- _Stored data_
<<<<

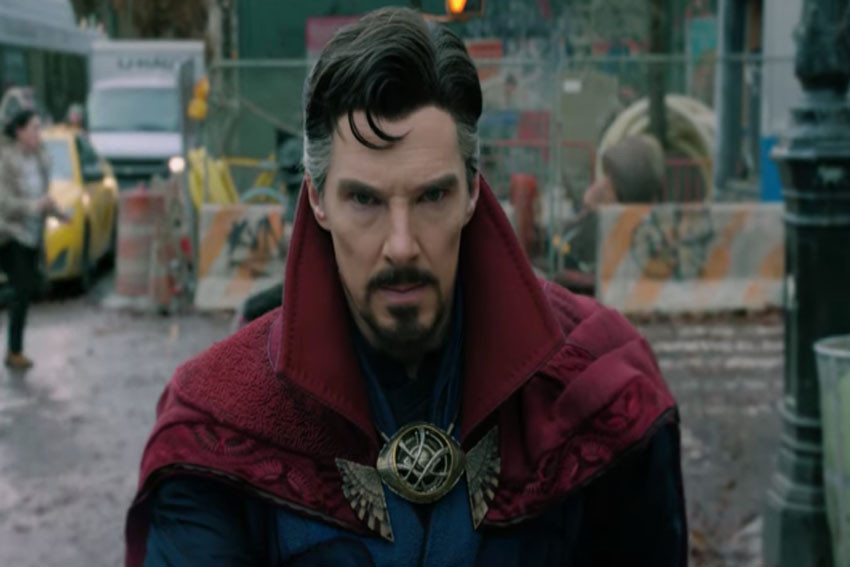 3 Varian Doctor Strange yang Muncul di Multiverse of Madness
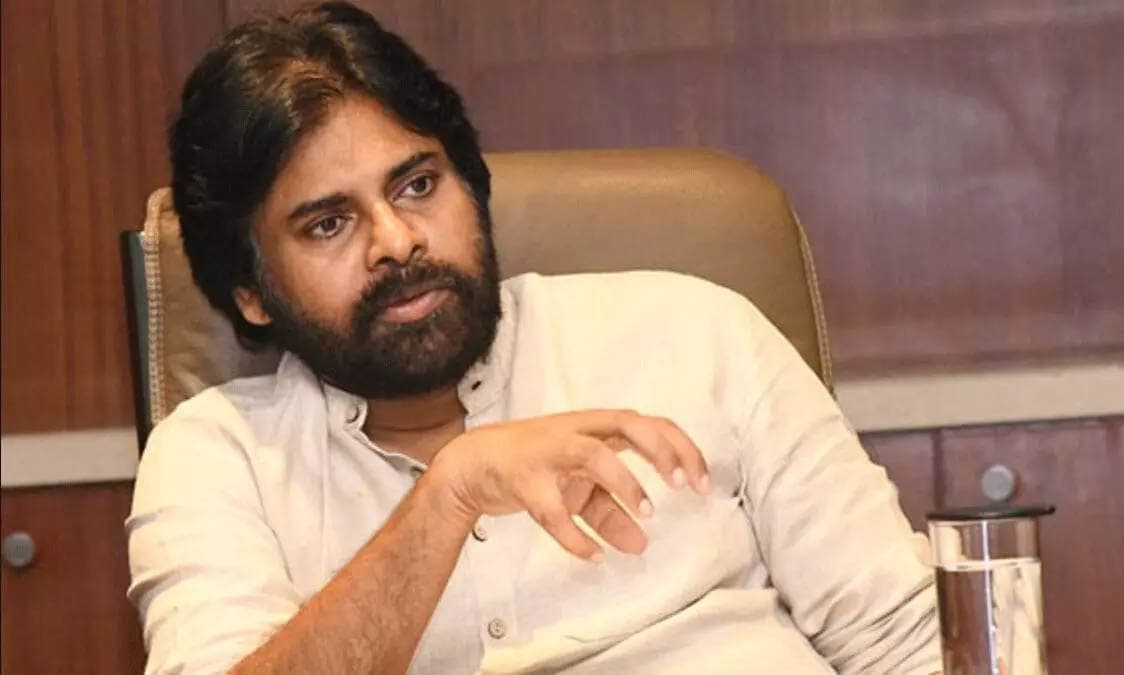 Its always dangerous with Pawan!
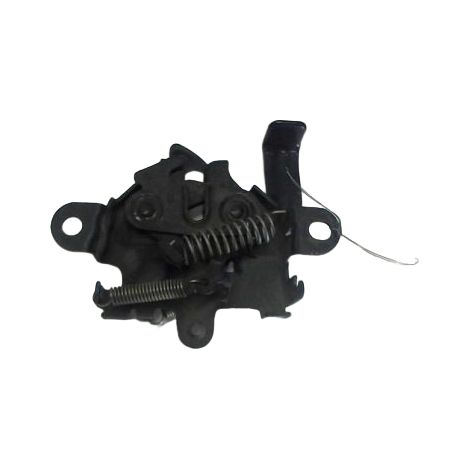 [PRODUIT D'OCCASION] Serrure Capot TOYOTA Yaris II 05-09 ♻️ Ref Oe. 5351052300 - Garantie à vie (1/2)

>>>>

Return the listing unchanged except for the pictures, which should be dropped.

- _Solution below_
 3 Varian Doctor Strange yang Muncul di Multiverse of Madness
 Its always dangerous with Pawan!
 [PRODUIT D'OCCASION] Serrure Capot TOYOTA Yaris II 05-09 ♻️ Ref Oe. 5351052300 - Garantie à vie (1/2)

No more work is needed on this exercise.